Re-energising Knowledge Management: Communication challenges, interdisciplinary intersections, and paradigm change
Jones, R. A. (2011). Re-energising Knowledge Management: Communication challenges, interdisciplinary intersections, and paradigm change (Thesis, Doctor of Philosophy (PhD)). University of Waikato, Hamilton, New Zealand. Retrieved from https://hdl.handle.net/10289/5247
Permanent Research Commons link: https://hdl.handle.net/10289/5247
Knowledge Management (KM) in the 1990s was a key upwardly-mobile management discipline. Indeed, a proliferation of articles suggested KM had the potential to make a radical departure from conventional views of organisational assets and resources, and even held the promise of transforming economies. Instead, however, KM has tended to become incorporated as a subset of traditional management. This thesis suggests that, as a result, knowledge has been perceived simply as another resource to be managed for competitive advantage. It further argues that KM need not subscribe to conventional views of management and that knowledge need not be just another resource to be exploited, hoarded, and traded. Instead, it contends that knowledge is an outcome of the process of connecting to one another in new ways and explores the field’s still-unrealised potential for generating fresh approaches relevant to contemporary conditions. In seeking to revive the excitement, and rekindle the potential, that originally surrounded the field, the thesis intervenes in current debates in KM. It attends to, and expands, the existing discourses of KM while presenting the case for a re-energised understanding of the communication of knowledge.

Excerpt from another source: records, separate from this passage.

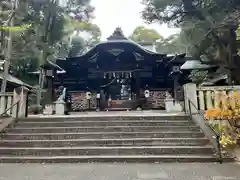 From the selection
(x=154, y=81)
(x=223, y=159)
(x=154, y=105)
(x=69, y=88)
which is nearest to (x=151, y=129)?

Exploring intersections with other disciplines as well as KM’s own multidisciplinary base, it proposes transdisciplinary research as a productive focus for KM. In making these recommendations for KM’s future, the thesis seeks to make the field more responsive to current complex and dynamic academic, organisational, and social contexts. Its overall goal is not only to ensure KM’s ongoing relevance and effectiveness as a field, but to direct KM towards fulfilling its early potential.